▶ [Work task]: From the line that contains "Ferienwohnung für 3" to the end of the entries, copy each line exactly, though the pictures stay out.

▶ [Material provided]:
○ ○ ○ ○ ○

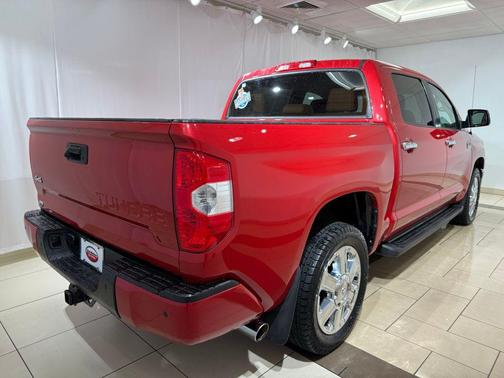 2016 Toyota Tundra 1794 Edition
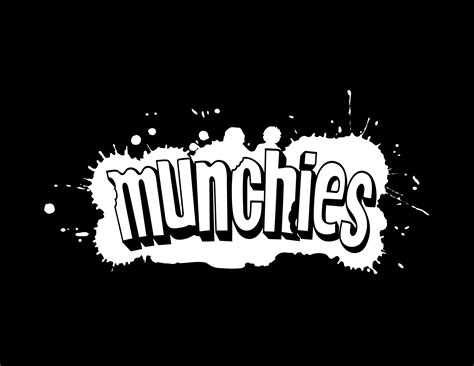MUNCHIES - Vice Media Canada Inc. Trademark Registration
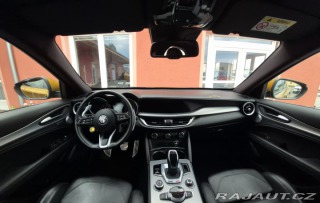 Alfa Romeo Stelvio 2.2 JTDM Veloce GT Junior 2022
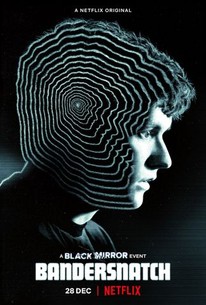 Black Mirror Bandersnatch Rotten Tomatoes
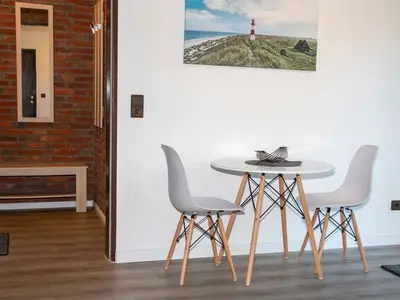 Ferienwohnung für 3 Personen (49 m²) in Wilhelmshaven 6/10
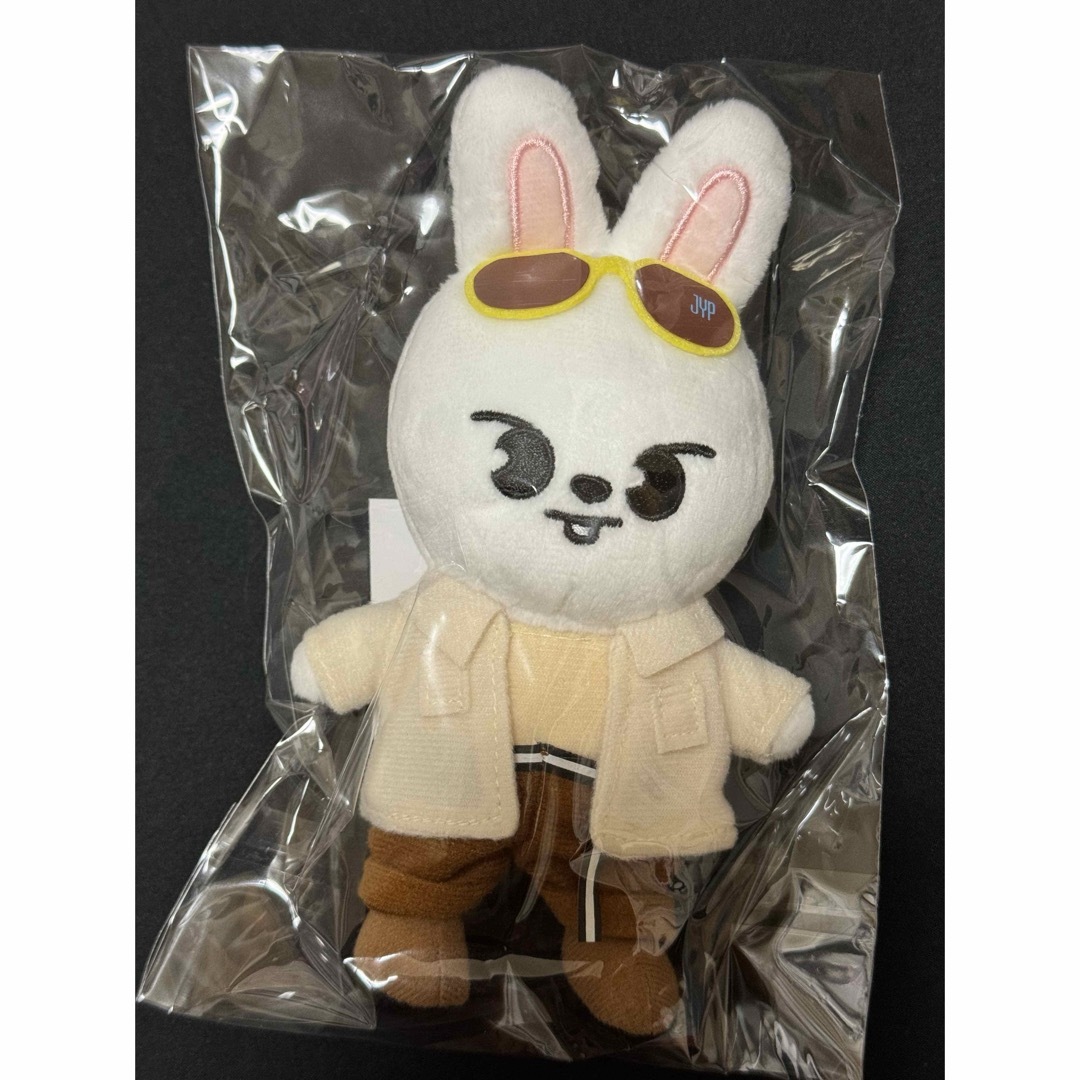 StrayKids スキズ ポップアップ バックパック リービット リノ リノ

○ ○ ○ ○ ○

▶ [Output]:
 Ferienwohnung für 3 Personen (49 m²) in Wilhelmshaven 6/10
 StrayKids スキズ ポップアップ バックパック リービット リノ リノ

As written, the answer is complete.